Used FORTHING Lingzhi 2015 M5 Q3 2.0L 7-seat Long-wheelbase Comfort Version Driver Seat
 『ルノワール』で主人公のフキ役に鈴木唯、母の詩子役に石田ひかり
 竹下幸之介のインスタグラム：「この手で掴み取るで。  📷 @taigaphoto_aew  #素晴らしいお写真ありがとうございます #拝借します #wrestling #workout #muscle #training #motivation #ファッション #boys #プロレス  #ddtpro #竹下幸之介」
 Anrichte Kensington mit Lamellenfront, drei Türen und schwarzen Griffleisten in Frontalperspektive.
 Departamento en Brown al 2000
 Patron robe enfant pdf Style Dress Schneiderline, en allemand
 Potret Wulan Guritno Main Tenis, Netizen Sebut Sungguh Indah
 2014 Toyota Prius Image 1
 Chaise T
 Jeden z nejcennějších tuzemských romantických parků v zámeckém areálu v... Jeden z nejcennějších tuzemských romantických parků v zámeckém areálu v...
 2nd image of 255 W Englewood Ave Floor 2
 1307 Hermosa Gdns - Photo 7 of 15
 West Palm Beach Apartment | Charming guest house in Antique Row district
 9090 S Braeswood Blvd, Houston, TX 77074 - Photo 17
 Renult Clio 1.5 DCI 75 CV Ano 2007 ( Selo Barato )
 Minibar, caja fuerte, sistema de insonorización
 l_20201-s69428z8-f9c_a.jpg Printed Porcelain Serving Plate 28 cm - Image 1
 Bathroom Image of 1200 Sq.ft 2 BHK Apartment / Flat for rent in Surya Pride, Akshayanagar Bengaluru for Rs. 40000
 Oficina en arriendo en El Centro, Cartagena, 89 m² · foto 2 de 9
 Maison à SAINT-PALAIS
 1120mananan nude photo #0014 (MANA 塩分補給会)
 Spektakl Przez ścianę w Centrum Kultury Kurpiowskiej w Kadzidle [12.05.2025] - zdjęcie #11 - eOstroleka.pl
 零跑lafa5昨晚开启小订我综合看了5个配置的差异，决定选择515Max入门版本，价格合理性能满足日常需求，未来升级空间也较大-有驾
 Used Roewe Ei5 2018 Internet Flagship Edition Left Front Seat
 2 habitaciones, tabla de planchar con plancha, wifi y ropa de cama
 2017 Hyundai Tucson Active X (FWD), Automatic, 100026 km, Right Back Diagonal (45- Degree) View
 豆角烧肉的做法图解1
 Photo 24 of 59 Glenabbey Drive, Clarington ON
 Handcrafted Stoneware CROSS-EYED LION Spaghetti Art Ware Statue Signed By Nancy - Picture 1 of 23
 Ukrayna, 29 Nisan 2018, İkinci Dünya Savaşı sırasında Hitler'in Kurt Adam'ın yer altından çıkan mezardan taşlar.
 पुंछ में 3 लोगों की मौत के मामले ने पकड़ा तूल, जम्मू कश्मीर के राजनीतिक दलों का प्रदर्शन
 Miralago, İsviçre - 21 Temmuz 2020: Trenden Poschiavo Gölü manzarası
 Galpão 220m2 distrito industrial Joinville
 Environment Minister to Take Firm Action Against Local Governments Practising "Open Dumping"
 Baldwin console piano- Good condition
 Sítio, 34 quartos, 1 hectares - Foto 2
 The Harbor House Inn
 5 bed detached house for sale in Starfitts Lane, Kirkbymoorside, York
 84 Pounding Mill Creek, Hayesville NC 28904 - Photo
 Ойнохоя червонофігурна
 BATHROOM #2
■ ■ ■
■ Exercise instructions
Reproduce exactly the line containing "2017 Hyundai Tucson" and every line after it through the end of the records above, and nothing else.

■ Reply to the task
 2017 Hyundai Tucson Active X (FWD), Automatic, 100026 km, Right Back Diagonal (45- Degree) View
 豆角烧肉的做法图解1
 Photo 24 of 59 Glenabbey Drive, Clarington ON
 Handcrafted Stoneware CROSS-EYED LION Spaghetti Art Ware Statue Signed By Nancy - Picture 1 of 23
 Ukrayna, 29 Nisan 2018, İkinci Dünya Savaşı sırasında Hitler'in Kurt Adam'ın yer altından çıkan mezardan taşlar.
 पुंछ में 3 लोगों की मौत के मामले ने पकड़ा तूल, जम्मू कश्मीर के राजनीतिक दलों का प्रदर्शन
 Miralago, İsviçre - 21 Temmuz 2020: Trenden Poschiavo Gölü manzarası
 Galpão 220m2 distrito industrial Joinville
 Environment Minister to Take Firm Action Against Local Governments Practising "Open Dumping"
 Baldwin console piano- Good condition
 Sítio, 34 quartos, 1 hectares - Foto 2
 The Harbor House Inn
 5 bed detached house for sale in Starfitts Lane, Kirkbymoorside, York
 84 Pounding Mill Creek, Hayesville NC 28904 - Photo
 Ойнохоя червонофігурна
 BATHROOM #2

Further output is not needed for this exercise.